Dear Ladies and Gentlemen:

                  I am writing in reference to the Post-Effective Amendments to
Application-Declaration on Form U-1 in File No. 70-9895, as amended (the
"Amendments"), under the Public Utility Holding Company Act of 1935, as amended
(the "1935 Act"), filed by CenterPoint Energy, Inc. and Utility Holding, LLC
(collectively, the "Applicants"), seeking a modification of certain financing
authority under Holding Co. Act Release No. 27548 (July 5, 2002) to permit the
pledge of the stock of Texas Genco Holdings, Inc. and to provide warrants as
described in Post-Effective Amendment No. 4 in File No. 70-9895 (the
"Transactions").

                  I have acted as counsel to Applicants in connection with the
filing of the Amendments. All capitalized terms used herein but not defined
herein shall have the meaning ascribed to them in the Amendments. I am a member
of the State Bar of Texas.

                  In connection with this opinion, I or attorneys in whom I have
confidence, have examined originals or copies, certified or otherwise identified
to my satisfaction, of such records and such other documents, certificates and
corporate or other records as I have deemed necessary or appropriate as a basis
for the opinions expressed in this letter. In my examination, I have assumed the
genuineness of all signatures, the legal capacity of all persons, the
authenticity of all documents submitted to me as originals, the conformity to
original documents of documents submitted to me as certified or photostatic
copies and the authenticity of the originals of such copies. As to various
questions of fact material to such opinions, I have, when relevant facts were
not independently established, relied upon statements contained in the
Amendments.


Securities and Exchange Commission
May 28, 2003
Page 2


                  The opinions expressed below are subject to the following
assumptions, qualifications, limitations, conditions and exceptions:

                  (a) The Commission shall have duly entered an appropriate
order or orders with respect to the proposed Transactions, as described in the
Amendments, permitting the Amendments to become effective under the 1935 Act and
the rules and regulations thereunder, and the proposed Transactions are
consummated in accordance with the Amendments and the Commission's orders.
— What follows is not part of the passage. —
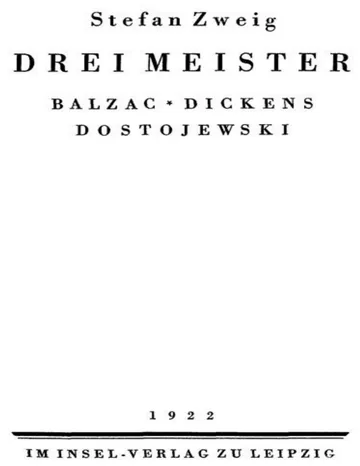 Drei Meister: Balzac, Dickens, Dostojewski von Stefan Zweig, Buchcover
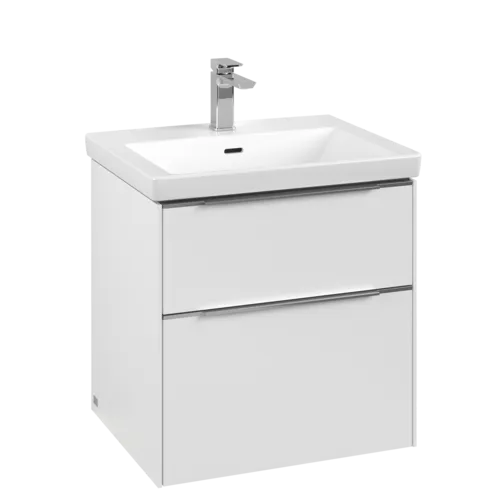 VILLEROY BOCH Subway 3.0 Vanity unit, with lighting, 2 pull-out compartments, 572 x 576 x 478 mm, Pure White #C578L0VF resmi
                  (b) No act or event other than as described herein shall have
occurred subsequent to the date hereof which would change the opinions
expressed.

                  (c) Appropriate corporate actions will have been taken by the
Applicants and the documents delivering the pledge or warrants, as the case may
be, will have been authorized, executed and delivered with all appropriate
transfer or other taxes paid.

                  (d) The Applicants will at the time of the proposed
Transactions be incorporated or validly formed business entities in the
jurisdictions in which they are domiciled.

                  Based upon the foregoing and subject to the assumptions,
qualifications, limitations, conditions and exceptions set forth herein, it is
my opinion that, in the event that the proposed Transactions are consummated in
accordance with the Amendments:

                  (a) all state laws applicable to the proposed Transactions
will have been complied with;

                  (b) the issuer of any securities proposed in the Amendments is
validly organized and duly existing; and

                  (c) the consummation of the proposed Transactions will not
violate the legal rights of the holders of any securities issued by the
Applicants or any of their respective subsidiaries and associate companies.

                  I hereby consent to the filing of this opinion as an exhibit
to the Amendments.


Securities and Exchange Commission
May 28, 2003
Page 3


                  This opinion speaks as of the date hereof, and I disclaim any
obligation to update or supplement this opinion to reflect any facts or
circumstances that may hereafter come to my attention or any change in laws that
may hereafter occur or to advise you of any changes that occur after the date
hereof.

                  This opinion is intended to be for the benefit of the
Securities and Exchange Commission and may be relied upon only by it. It may not
be relied upon by any other person or for any other purpose.